[Dataset extract — start]
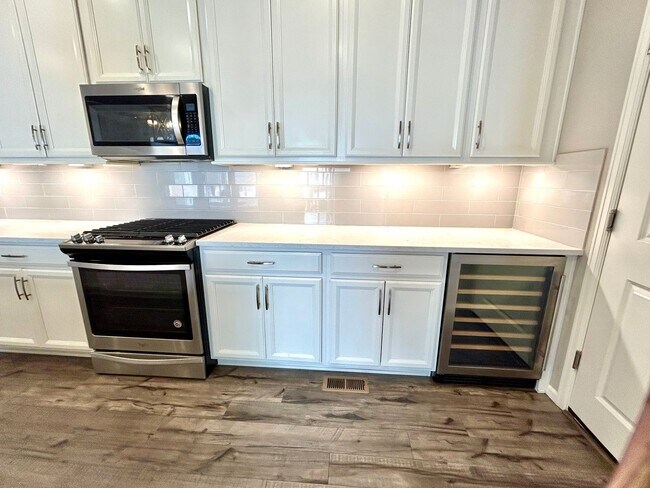 Foto del edificio - Better Than New! Stunning 4-year old Home Corner End-Unit with High-End Finishes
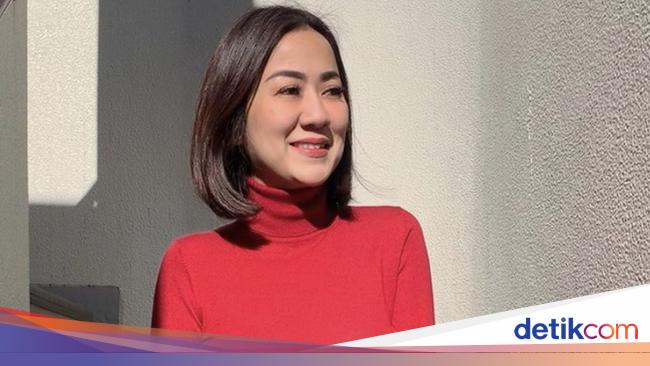 Potret Tante Ernie saat Lagi Kedinginan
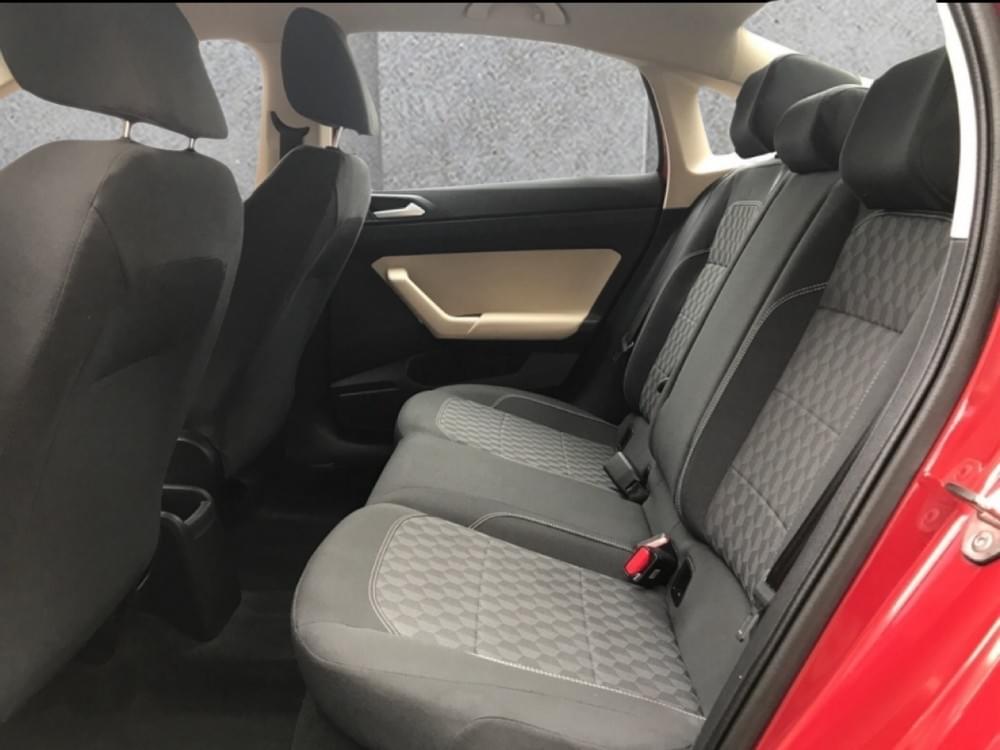 Volkswagen Polo Sedan 1.6 Base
[Dataset extract — finish]
▸ **What you need to do**
This exercise calls for the complete listing, returned exactly and without images.

▸ **Solved problem**
 Foto del edificio - Better Than New! Stunning 4-year old Home Corner End-Unit with High-End Finishes
 Potret Tante Ernie saat Lagi Kedinginan
 Volkswagen Polo Sedan 1.6 Base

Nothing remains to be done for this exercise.